Well-Architected Framework perspective on Azure Service Fabric

Azure Service Fabric is a distributed systems platform that makes it easy to package, deploy, and manage scalable and reliable microservices and containers. These resources are deployed onto a network-connected set of virtual or physical machines, known as a cluster.

This article assumes that as an architect, you've reviewed the compute decision tree and chose Service Fabric as the compute platform for your workload. The guidance in this article provides architectural recommendations that are mapped to the principles of the Well-Architected Framework pillars.

Important

How to use this guide

Each section has a design checklist that presents architectural areas of concern along with design strategies localized to the technology scope.

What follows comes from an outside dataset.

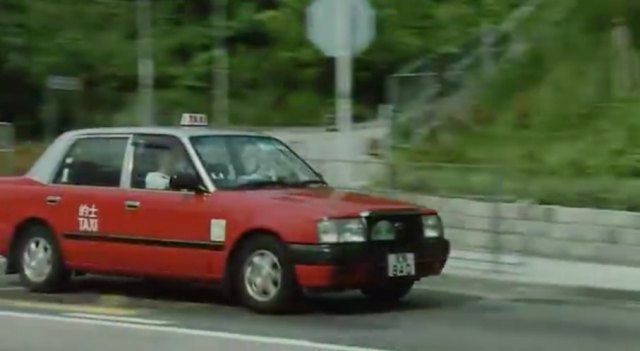 2002 Toyota Crown Comfort LPG [YXS10]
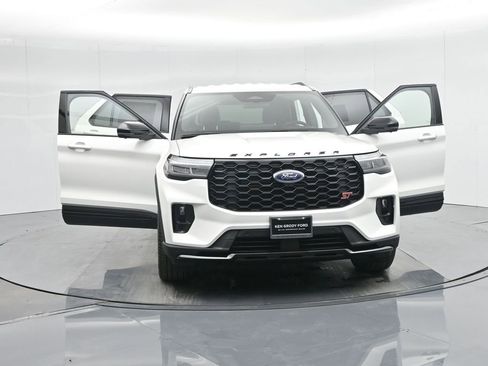 New 2025 Ford Explorer ST w/ Sun And Sound Package image 31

Also included are recommendations for the technology capabilities that can help materialize those strategies. The recommendations don't represent an exhaustive list of all configurations that are available for Service Fabric and its dependencies. Instead, they list the key recommendations mapped to the design perspectives. Use the recommendations to build your proof-of-concept or to optimize your existing environments.

Foundational architecture that demonstrates the key recommendations:
Container orchestration for microservices.

Technology scope

This review focuses on the interrelated decisions for the following Azure resources:

  • Service Fabric

Note

This service guide builds on guidance in the Azure Virtual Machines and scale sets service guide. Virtual machine (VM) scale sets support Service Fabric nodes. Refer to that service guide for recommendations about operating the compute back end for your Service Fabric nodes.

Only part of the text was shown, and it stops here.